The no squirming stricture was difficult to follow seated on low, narrow and very hard benches. Thank goodness, I did not get the end of the bench underneath which some glowing coals had been deposited. It seemed like a deliberate act of torture, but so conditioned were we by the deportment lectures that no one dared complain.
Conversation -- via the Aschouar guide -- was very limited, except for a ritual round where each visitor was expected to introduce himself with name, occupation, place of residence, family situation and age. If you left out a single detail you were called to order. Long speeches of welcome -- and even longer silences. No smiles and no laughter -- an enormous difference with the bedouin . A long litany, by the chief, of their determination to foil attemps of the oil companies to take root in this part of the Amazon. Some of the younger men have done military servie (usually as trackers in the forest ) and the connection with Kapawi provides a little money -- not much, but for the moment they don't need much. There has been sporadic contact with missionaries -- in the larger settlements there is usually a Catholic church, and a priest comes around once or twice a year, between the river floods. The American evangelical sects who have made such inroads elsewhere in South America seem to have pretty much abandoned this part of the forest; they did do one useful service in building the mud airstrips.

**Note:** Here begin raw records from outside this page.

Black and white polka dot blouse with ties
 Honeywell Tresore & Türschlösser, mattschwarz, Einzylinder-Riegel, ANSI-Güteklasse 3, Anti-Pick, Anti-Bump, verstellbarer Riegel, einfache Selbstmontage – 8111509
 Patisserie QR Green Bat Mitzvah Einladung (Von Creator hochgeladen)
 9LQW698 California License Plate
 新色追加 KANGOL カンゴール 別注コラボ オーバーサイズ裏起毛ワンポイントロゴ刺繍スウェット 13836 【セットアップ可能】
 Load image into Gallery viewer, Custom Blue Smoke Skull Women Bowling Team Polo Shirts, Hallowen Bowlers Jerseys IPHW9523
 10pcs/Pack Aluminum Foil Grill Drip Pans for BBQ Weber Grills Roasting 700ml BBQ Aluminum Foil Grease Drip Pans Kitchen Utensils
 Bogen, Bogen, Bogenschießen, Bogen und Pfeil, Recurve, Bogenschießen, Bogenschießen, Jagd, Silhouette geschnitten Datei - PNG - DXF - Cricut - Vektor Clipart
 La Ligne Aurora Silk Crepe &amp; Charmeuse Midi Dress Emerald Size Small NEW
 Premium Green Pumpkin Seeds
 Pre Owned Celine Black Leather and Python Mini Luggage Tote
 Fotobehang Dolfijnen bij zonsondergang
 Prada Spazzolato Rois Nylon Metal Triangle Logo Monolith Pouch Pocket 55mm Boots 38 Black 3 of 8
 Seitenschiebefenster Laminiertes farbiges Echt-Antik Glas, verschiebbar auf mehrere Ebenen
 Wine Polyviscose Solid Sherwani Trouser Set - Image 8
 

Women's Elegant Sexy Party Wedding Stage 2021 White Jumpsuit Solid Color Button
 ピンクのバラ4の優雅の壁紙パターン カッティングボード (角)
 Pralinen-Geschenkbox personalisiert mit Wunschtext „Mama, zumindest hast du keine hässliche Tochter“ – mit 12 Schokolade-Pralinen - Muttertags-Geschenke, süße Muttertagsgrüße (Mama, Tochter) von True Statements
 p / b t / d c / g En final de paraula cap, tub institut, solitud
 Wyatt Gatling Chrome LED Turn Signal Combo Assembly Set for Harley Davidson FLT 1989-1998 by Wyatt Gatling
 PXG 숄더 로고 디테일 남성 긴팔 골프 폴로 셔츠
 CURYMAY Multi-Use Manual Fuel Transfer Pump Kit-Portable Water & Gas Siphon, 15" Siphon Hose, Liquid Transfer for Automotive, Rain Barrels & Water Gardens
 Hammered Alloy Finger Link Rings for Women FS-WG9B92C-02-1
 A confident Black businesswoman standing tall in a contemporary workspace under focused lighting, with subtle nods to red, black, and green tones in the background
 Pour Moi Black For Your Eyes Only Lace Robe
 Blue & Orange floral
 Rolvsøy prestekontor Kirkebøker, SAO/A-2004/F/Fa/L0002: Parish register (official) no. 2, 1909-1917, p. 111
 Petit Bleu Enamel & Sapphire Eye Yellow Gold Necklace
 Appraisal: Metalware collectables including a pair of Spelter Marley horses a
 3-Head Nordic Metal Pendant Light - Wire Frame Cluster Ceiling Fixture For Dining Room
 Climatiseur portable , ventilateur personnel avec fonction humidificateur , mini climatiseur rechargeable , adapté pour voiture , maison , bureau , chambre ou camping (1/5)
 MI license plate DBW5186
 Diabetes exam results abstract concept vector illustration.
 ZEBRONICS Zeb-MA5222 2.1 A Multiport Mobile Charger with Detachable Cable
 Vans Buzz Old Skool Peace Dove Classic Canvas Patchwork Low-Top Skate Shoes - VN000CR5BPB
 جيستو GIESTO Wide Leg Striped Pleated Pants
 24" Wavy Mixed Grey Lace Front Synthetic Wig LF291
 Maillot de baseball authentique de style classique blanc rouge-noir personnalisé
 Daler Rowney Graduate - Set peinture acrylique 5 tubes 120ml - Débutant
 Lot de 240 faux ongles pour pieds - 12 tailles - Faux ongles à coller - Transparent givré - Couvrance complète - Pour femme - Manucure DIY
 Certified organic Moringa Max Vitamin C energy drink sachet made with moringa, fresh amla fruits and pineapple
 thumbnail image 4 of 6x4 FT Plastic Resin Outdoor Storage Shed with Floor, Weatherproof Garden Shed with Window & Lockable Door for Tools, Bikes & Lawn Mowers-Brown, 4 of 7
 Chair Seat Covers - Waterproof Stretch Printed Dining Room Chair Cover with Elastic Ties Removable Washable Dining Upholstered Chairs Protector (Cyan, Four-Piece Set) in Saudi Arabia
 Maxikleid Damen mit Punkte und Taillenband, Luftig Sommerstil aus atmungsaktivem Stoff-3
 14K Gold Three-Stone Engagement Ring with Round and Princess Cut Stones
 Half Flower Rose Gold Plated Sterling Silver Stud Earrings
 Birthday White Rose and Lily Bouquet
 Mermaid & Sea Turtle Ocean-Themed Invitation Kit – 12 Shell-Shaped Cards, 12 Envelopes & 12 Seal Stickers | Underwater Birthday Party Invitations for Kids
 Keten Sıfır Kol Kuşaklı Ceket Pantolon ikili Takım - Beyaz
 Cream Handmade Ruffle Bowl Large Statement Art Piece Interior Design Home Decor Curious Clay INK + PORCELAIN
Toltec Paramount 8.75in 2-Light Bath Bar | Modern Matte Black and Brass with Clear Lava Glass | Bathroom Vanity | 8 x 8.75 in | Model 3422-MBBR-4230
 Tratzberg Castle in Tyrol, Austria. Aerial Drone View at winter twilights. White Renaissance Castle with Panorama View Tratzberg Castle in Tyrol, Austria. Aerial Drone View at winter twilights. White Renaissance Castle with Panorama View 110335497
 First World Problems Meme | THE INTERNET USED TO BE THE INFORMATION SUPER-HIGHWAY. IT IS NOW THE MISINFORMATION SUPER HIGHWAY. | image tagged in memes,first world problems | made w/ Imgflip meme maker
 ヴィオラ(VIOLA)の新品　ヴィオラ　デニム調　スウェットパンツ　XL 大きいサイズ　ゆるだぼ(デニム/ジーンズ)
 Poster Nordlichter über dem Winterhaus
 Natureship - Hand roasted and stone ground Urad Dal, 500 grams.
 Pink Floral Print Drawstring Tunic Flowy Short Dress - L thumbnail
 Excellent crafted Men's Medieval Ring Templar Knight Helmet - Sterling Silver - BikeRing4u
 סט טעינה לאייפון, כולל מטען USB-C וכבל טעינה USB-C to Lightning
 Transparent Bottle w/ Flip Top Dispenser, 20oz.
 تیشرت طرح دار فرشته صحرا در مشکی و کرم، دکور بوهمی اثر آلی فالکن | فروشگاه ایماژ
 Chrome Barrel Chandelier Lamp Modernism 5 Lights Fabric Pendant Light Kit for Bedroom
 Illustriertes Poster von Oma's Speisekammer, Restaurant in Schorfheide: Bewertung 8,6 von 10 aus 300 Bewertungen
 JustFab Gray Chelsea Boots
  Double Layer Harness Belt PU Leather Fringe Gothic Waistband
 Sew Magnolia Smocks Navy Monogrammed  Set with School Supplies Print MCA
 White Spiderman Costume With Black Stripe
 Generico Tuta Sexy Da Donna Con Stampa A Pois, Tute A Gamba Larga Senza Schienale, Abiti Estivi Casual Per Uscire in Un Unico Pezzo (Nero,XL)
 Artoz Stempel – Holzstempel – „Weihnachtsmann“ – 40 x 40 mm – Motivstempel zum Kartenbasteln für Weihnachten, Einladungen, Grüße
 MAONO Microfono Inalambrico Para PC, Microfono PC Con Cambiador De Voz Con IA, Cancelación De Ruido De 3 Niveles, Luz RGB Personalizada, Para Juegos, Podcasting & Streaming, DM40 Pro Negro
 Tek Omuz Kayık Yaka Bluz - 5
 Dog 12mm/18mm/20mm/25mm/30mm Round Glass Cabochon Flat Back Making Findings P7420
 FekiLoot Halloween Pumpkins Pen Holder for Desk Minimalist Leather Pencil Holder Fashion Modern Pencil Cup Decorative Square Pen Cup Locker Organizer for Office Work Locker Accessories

Night in the forest is surprisingly noisy, but without a single man-made noise. Loudest are the booming frogs, with a background sonic tapestry of crickets, bats, owls and other mysterious noises that I could not identify. Nothing frightening in our screened cabins and mosquito-netted beds. Siesta time in a hammock on the wide porch is heaven . Just as it is heavenly to spend a week in this extraordinary place where the only outside influence is a small library -- no electronics at all, no radio, telephone, fax, email. But not much longer. I think I would dissolve into a piece of ectoplasm.